I have the following sequence: $$a_n =\sum_{k = 1}^n (-1)^{b_k} {1\over k^2} $$ And the hint is that I have to prove that: $$ {1\over k^2} < {1\over k-1} - {1\over k} $$
So assuming $m>n$, I have to prove that: $$\forall \epsilon >0, \exists N \in \mathbb{N},$$ so that $$ \forall m,n > N \Rightarrow \lvert a_m - a_n\rvert < \epsilon $$
What I gathered so far: $ \lvert a_m - a_n\rvert = \lvert \sum_{k = n+1}^m (-1)^{b_k} {1\over k^2}\rvert $
$b_k$ is a sequence of natural numbers ${1,2,3.....}$, so in absolute value, $(-1)^{b_k} $ is $1$. Therefore:
$ \lvert a_m - a_n\rvert = \lvert \sum_{k = n+1}^m (-1)^{b_k} {1\over k^2}\rvert \leq \sum_{k = n+1}^m {1\over k^2}. $
From here on, its not so clear to me as to how to proceed. What should be my next steps?

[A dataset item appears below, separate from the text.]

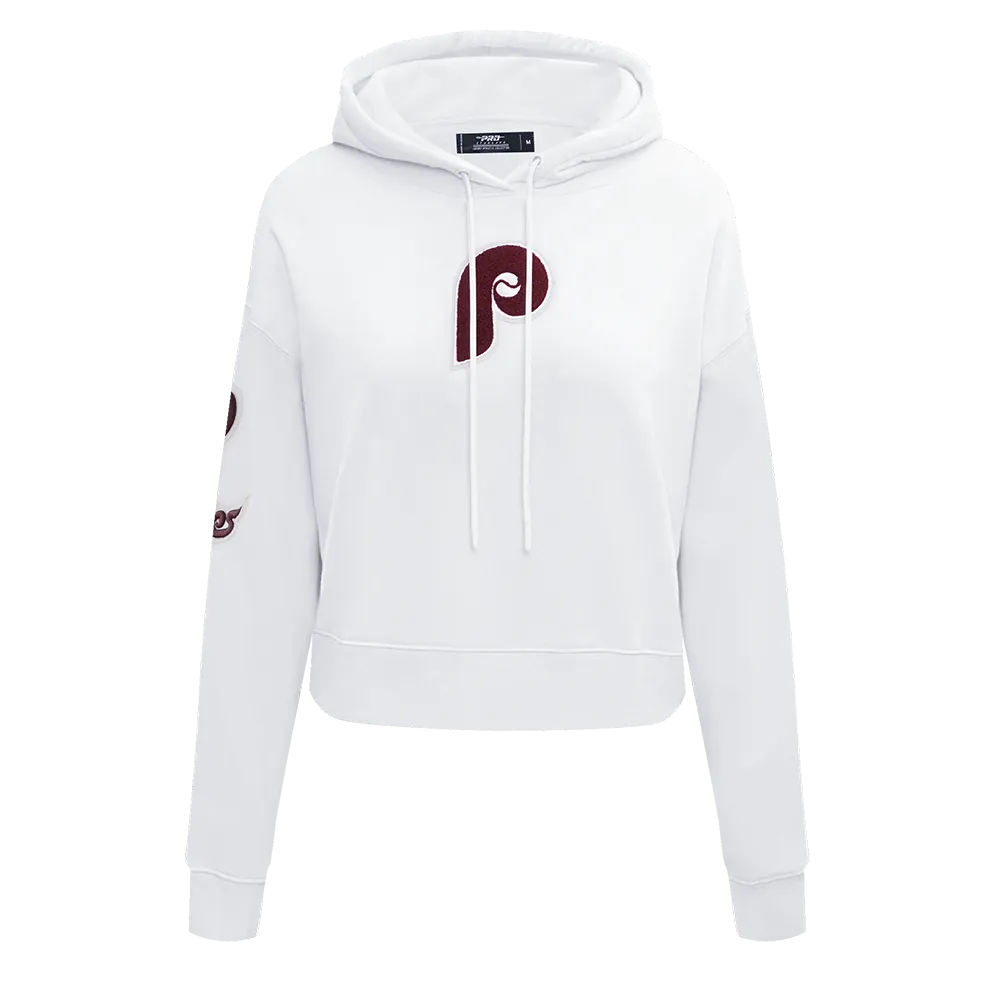 MLB PHILADELPHIA PHILLIES RETRO CLASSIC WOMEN'S CROPPED PO HOODIE (WHITE)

You're almost done. Since $\frac{1}{k^2} \leq \frac{1}{k-1}-\frac{1}{k}$ you have that
$$\sum_{k = n+1}^m {1\over k^2}\leq\sum_{k=n+1}^m \left[\frac{1}{k-1}-\frac{1}{k}\right]$$ This is a telescoping series which is equal to $\frac{1}{n}-\frac{1}{m}$. It converges to zero as $n,m\rightarrow 0$.